Those who represent in their very persons the greatness of America should be modest, but never humble. Obama is a fool, not because of any lack of ability or measurable intellect, but because he does not understand his job. All of his understanding of symbolism involves only words.
Most recently Obama has said that such and such a terrorist -- soon to be put on civilian trail in the very city of his, and Islam's, greatest triumph ... said Sheik of Falling Towers will definitely be convicted. Failure is not an option. So what's the message to the world? We're so enlightened and soft that we give terrorists full Constitutional rights. At the same time, the verdict is certain. Hm. But it's not a mixed message at all. Soft people are corrupt.
As a certain senator has observed, OJ got off. All it takes is a stupid jury. By giving Khalid Sheikh Mohammed his day in civilian court, the Obama administration sets the puppet stage, a Punch and Judy farce, except that farce is funny and this is a complete tragedy. Nine Eleven, as I have always said, was not a tragedy but an atrocity. An obvious distinction once it's made. This is a tragedy, again, because it brings on the dark fate of a man's flawed character. Man, or nation. When true confessions have been made, the path of justice is clear. Process should become secondary. Here, there is such a love of form over substance, verbiage over integrity, that we'll have to sit through a clamorous shadow play, Javanese in its incomprehensibility.

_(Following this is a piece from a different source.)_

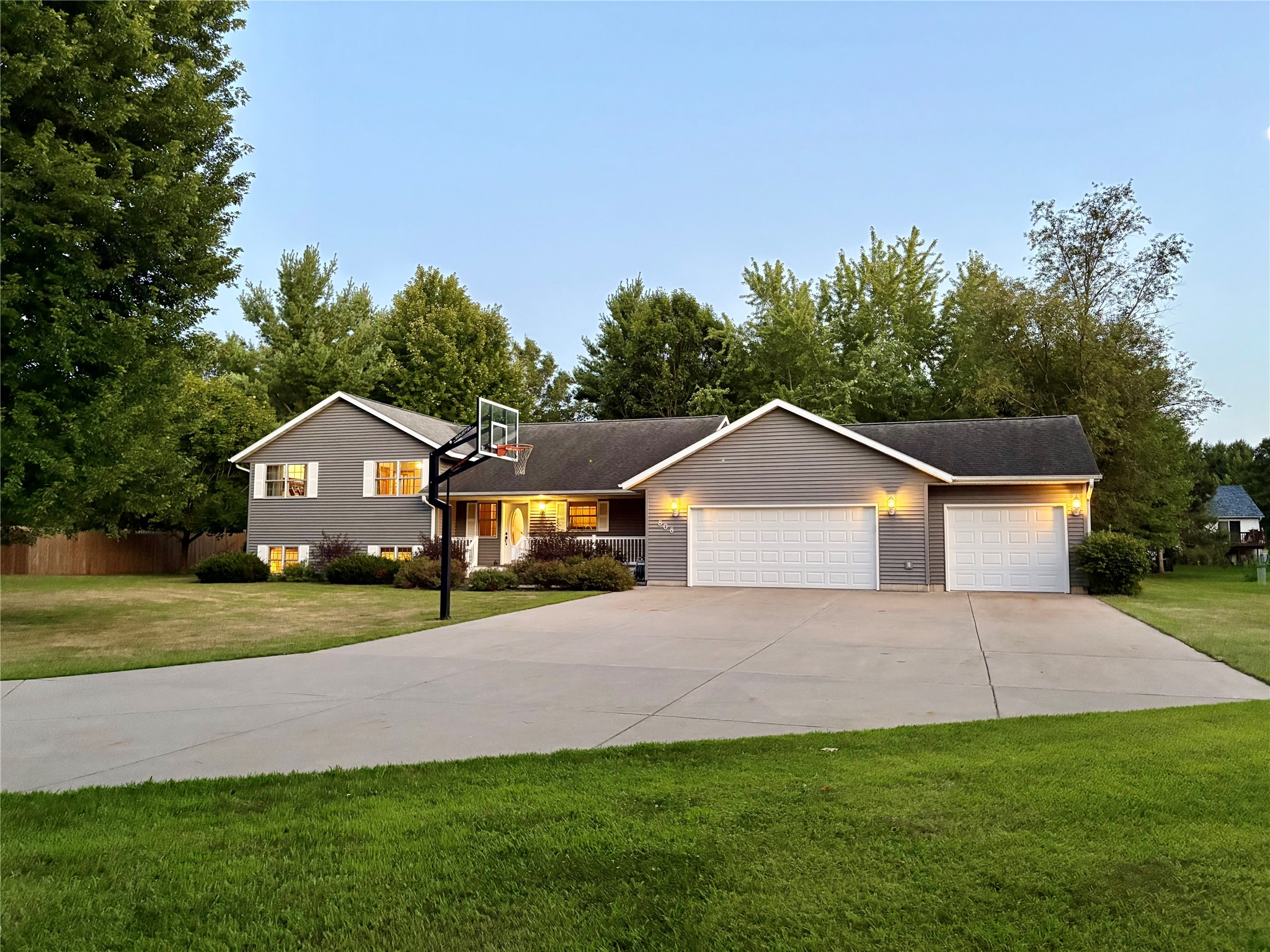 808 Elm Street Strum, WI 54770 - Photo 55 of 58 Gallery Image 55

Ours is not a system of justice, nor a system of laws, nor even of process. It's not the legal system, it's the lawyer system. That says it all. No large, and perhaps no great nation can have a true justice system. As with a healthcare system, competence is always about the individual, and almost never about the bureaucracy.
I'm in a declarative statement sort of mood. Very Oscar Wilde tonight. My point is that given the clarity, of admitted guilt, and given the clarity of military justice, why has Obama set about subjecting us to this medicine show? It's enough to make me sick.
What a fool. What a fool. Like children dressing up in grown-ups clothes. Not oversized. They fit, tailored. Elegant, really. But it's playing. Silly people pretending. Surprised when the let's-say game of supposing has real-world consequences that represent reality rather than theory. But I'm repeating myself. It's almost as if I'm in love with the sound of my own oratory, and the variegated manifestations of my iterations.
This is why I write so little about politics anymore. It may be that Bush did not tend to exigent problems, focused on too narrow a thing. The current occupant of the White House is spraying gasoline rather than water on a conflagration. What a fool.